Friday, July 24, 2009

Stuffed Pork Tenderloin

Some friends came for dinner tonight and I made Stuffed Pork Tenderloin, Cheese Grits, Stuffed Tomatoes, and Chocolate Ganache Baby Cakes. Sounds hard, but I promise that it was easy. The pork recipe was inspired by one from Ina Garten that I made several years ago that was stuffed with fennel and onions. Don't be intimidated by stuffing a pork tenderloin. Traditionally you use pork that's been butterflied by a butcher. However, I shop at a regular grocery store, so I had to improvise. I bought one (1.5-pound) package of pork tenderloins, which contained two (0.75-ounce) cuts of meat.
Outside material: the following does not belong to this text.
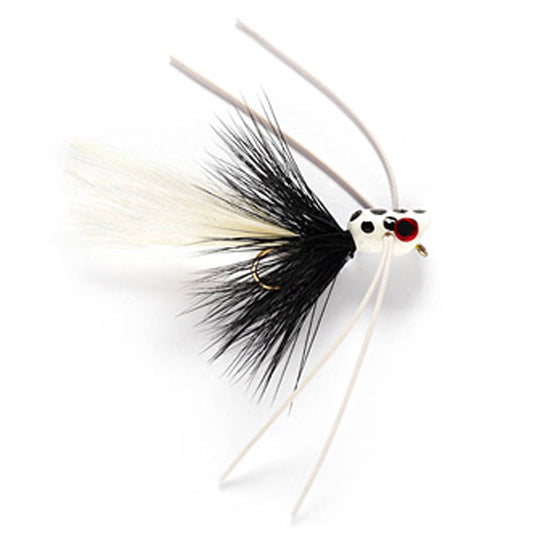 Fishing fly with black and white pattern on a white background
Enjoy!

Stuffed Pork Tenderloin
1 (1.5-oz.) package pork tenderloins
Kitchen twine
1 onion, chopped
2 cups fresh breadcrumbs
1/4 chopped fresh parsley
1 handful freshly grated Parmesan cheese
Olive oil
Country-style Dijon mustard

1. Slice each pork tenderloin in half along the length, just enough so each lays flat. (Don't cut all the way through the other side.) Place the two halves next to each other. Next cut four pieces of kitchen twine, and place at even intervals underneath the pork. Sprinkle with salt and pepper.
2. Combine onion and next 3 ingredients in a bowl. Drizzle with olive oil. Mound onion mixture onto one of the flattened pork tenderloins. Carefully fold second tenderloin over stuffing, and tie kitchen twine pieces to seal. Rub outside of pork with mustard. Place tenderloin on a lightly greased broiler pan.
3. Bake at 425° for 30 minutes. Decrease oven temperature to 350°, and bake for 20 more minutes or until pork is done. Let stand 20 minutes before slicing.

1 comment:

Jen B. said...

one of the best meals I've ever matters! Love you so much...and your cooking too!